L’altra difficoltà (che giustifica, almeno in parte, i titoli sulla stampa italiana) è di natura politica: i quattro partiti indipendentisti riusciranno a dialogare o a formare un governo di coalizione per chiedere il referendum? Una vittoria chiara del CiU avrebbe risolto il problema alla radice e spianato la strada ad un referendum, entro i prossimi 4 anni. Ora, invece, si deve aprire una fase negoziale difficile fra partiti che definire eterogenei è poco. Il CiU è un partito moderato, di centro-destra, formatosi dalla fusione di due formazioni, una liberale, il Cdc e l’altra conservatrice, l’Udc. La componente liberale prevale, considerando anche che lo stesso Artur Mas proviene dal Cdc, il partito ereditato da Jordi Pujol, storico leader che ha guidato la Catalogna per ben 23 anni (1980-2003) e tuttora in carica dopo essere stato rieletto nel 2010. Ed è proprio la componente liberale quella che preme di più per passare da un programma autonomista ad uno più smaccatamente indipendentista. In tempo di crisi economica, però, la vita è difficile per qualsiasi partito liberale e, in genere, per chiunque difenda il libero mercato. Questo spiega (oltre alla titubanza di appoggiare un referendum entro l’anno, come abbiamo visto), il motivo del perché molti indipendentisti abbiano scelto formazioni più di sinistra. Come l’Erc, storico partito nato ai tempi della Repubblica Spagnola del 1931, protagonista dell’indipendentismo ai tempi della Guerra Civile (1936-1939) e messo al bando ai tempi della dittatura di Francisco Franco che ne seguì (1939-1975): anche oggi mantiene intatta un’ideologia di sinistra democratica, la stessa che animò l’indipendentismo catalano ai tempi della Repubblica. Le due formazioni minori sono ancora più a sinistra e anti-capitaliste: il Cup è sostanzialmente una formazione marxista. E l’Icv è ecologista radicale. Le due anime della sinistra anti-globalizzazione, insomma.

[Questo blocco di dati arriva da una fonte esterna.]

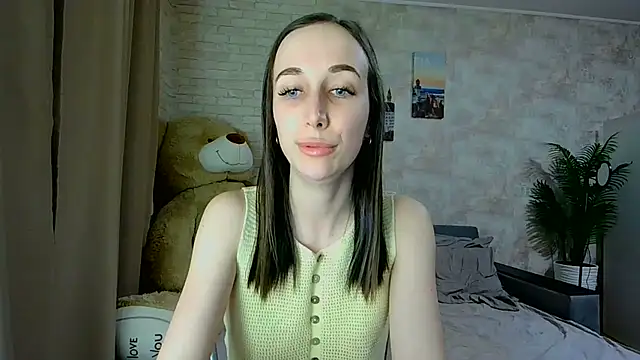 Snapshot of Anika_bloom chatting on 02-24-26, 06:39 Anika bloom online show from 02-24-26, 06:39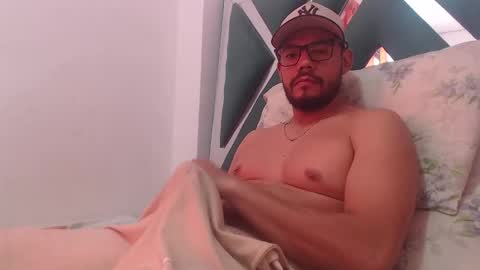 Snapshot of juanfe_style chatting on 11/17/25, 04:57 juanfe_style online show from 11/17/25, 04:57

Il programma del CiU e quello dei suoi potenziali interlocutori, sono il frutto di due modi diversi di intendere l’indipendenza. Il primo la vuole “da destra”: parte dall’assunto che la Catalogna è la regione più produttiva e ricca della Spagna e che da sola potrebbe fare molto meglio. Il secondo tipo di indipendentismo, al contrario, si basa ancora sulla novecentesca dottrina della “liberazione nazionale” (citata esplicitamente nel programma del Cup): non solo si intende raggiungere l’indipendenza nazionale da una potenza dominante (la Spagna, in questo caso), ma si vuole rendere il nuovo Stato autonomo anche rispetto al mercato internazionale. Tutti gli Stati sorti sulla base di questa dottrina, soprattutto nelle ex colonie extraeuropee, hanno adottato sistemi socialisti nazionali, proprio nel nome di un “progresso autonomo”, indipendente da multinazionali e finanza internazionale. Questi due modi di intendere la secessione sono pressoché incompatibili fra loro.